Requires Python 3.10+. Runtime dependencies: httpx>=0.28.1.

Quickstart

from ghostcrawl import GhostcrawlClient

# Reads GHOSTCRAWL_API_KEY from environment, or pass token= explicitly
client = GhostcrawlClient(token="gck_live_YOUR_KEY")

# Scrape a URL
result = client.scrape(url="https://example.com", format="markdown")
print(result["content"])

# Start a crawl
run = client.crawl_runs.start(url="https://example.com", max_depth=2, max_pages=50)
print(run["run_id"])

# Web search
results = client.search(query="latest AI research", engine="google", limit=10)
for r in results["results"]:
    print(r["title"], r["url"])

Authentication

import os
from ghostcrawl import GhostcrawlClient

# Option 1: pass token directly
client = GhostcrawlClient(token="gck_live_YOUR_KEY")

# Option 2: set environment variable (recommended for production)
os.environ["GHOSTCRAWL_API_KEY"] = "gck_live_YOUR_KEY"
client = GhostcrawlClient()

Every request sends Authorization: Bearer <token>. This is the only auth scheme the API accepts.

Extract structured data

from ghostcrawl import GhostcrawlClient

client = GhostcrawlClient(token="gck_live_YOUR_KEY")

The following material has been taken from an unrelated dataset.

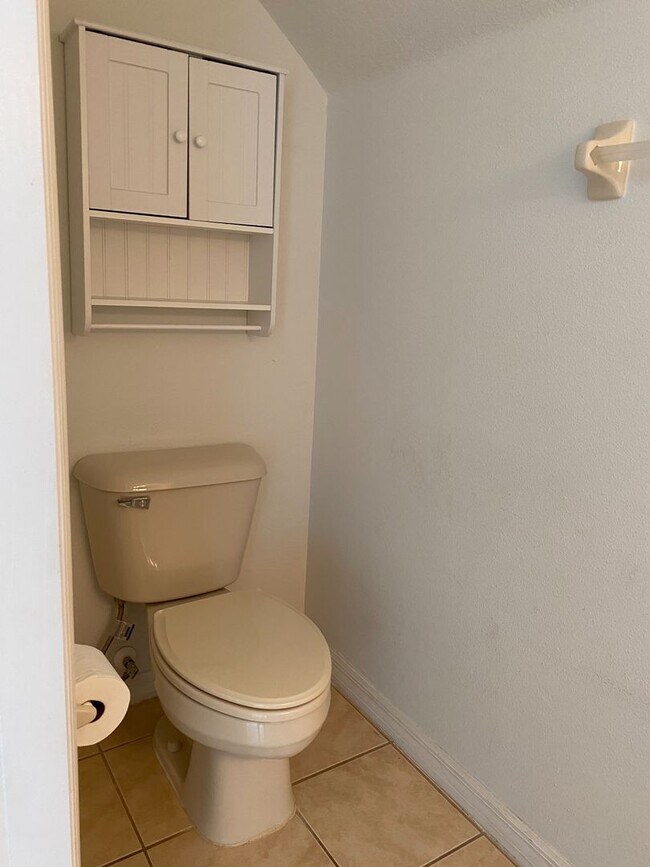 Building Photo - 3 bedroom townhouse in Largo - Seminole Pa...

# Define a schema and extract matching data
data = client.extract(
    url="https://example.com/product",
    schema={
        "type": "object",
        "properties": {
            "name": {"type": "string"},
            "price": {"type": "number"},
            "description": {"type": "string"},
        },
    },
)
print(data["name"], data["price"])

Browser sessions

from ghostcrawl import GhostcrawlClient

client = GhostcrawlClient(token="gck_live_YOUR_KEY")

# Create a session
session = client.sessions.create(profile_name="my-profile")
session_id = session["session_id"]

# Extend and release
client.sessions.extend(session_id, duration_seconds=600)
client.sessions.release(session_id)

Error handling

from ghostcrawl import GhostcrawlClient, AuthenticationError, RateLimitError, APIError

client = GhostcrawlClient(token="gck_live_YOUR_KEY")

try:
    result = client.scrape(url="https://example.com")
except AuthenticationError:
    print("Invalid API key — check your token")
except RateLimitError:
    print("Rate limit reached — retry after a short delay")
except APIError as e:
    print(f"Server error: {e.status_code}")

Context manager

from ghostcrawl import GhostcrawlClient

with GhostcrawlClient(token="gck_live_YOUR_KEY") as client:
    result = client.scrape(url="https://example.com")
    print(result)
# HTTP connection is closed automatically

All resources

Resource Client attribute Key operations
Scraping client.scrape(url=…) Render and return page content
Web search client.search(query=…) Search Google, Bing, DuckDuckGo
Data extraction client.extract(url=…, schema=…) Structured JSON from any page
Deep crawl client.crawl(url=…) Crawl a site depth-first
URL map client.map(url=…) Discover all reachable URLs
Crawl runs client.crawl_runs start, list, get, cancel
Sessions client.sessions create, extend, release
Profiles client.profiles list, get, create, update, delete
Webhooks client.webhooks list, get, create, delete, rotate-secret
Schedules client.schedules list, get, create, delete
Datasets client.datasets list, get, create, delete, append rows
Recordings client.recordings list, get, delete
Key-Value Store client.kv get, set, delete
Account client.me() Get account info and usage

LangChain integration

pip install ghostcrawl-langchain
from ghostcrawl_langchain import GhostcrawlScrape, GhostcrawlSearch

scrape_tool = GhostcrawlScrape()
search_tool = GhostcrawlSearch()

Self-hosted

client = GhostcrawlClient(
    token="gck_live_YOUR_KEY",
    base_url="http://localhost:8080",  # your self-hosted instance
)

License

Proprietary — GhostCrawl Software License. See LICENSE.

Project details


Download files

Download the file for your platform. If you're not sure which to choose, learn more about installing packages.

Source Distribution

ghostcrawl-2.2.2.tar.gz (131.6 kB view details)

Uploaded Source

Built Distribution

If you're not sure about the file name format, learn more about wheel file names.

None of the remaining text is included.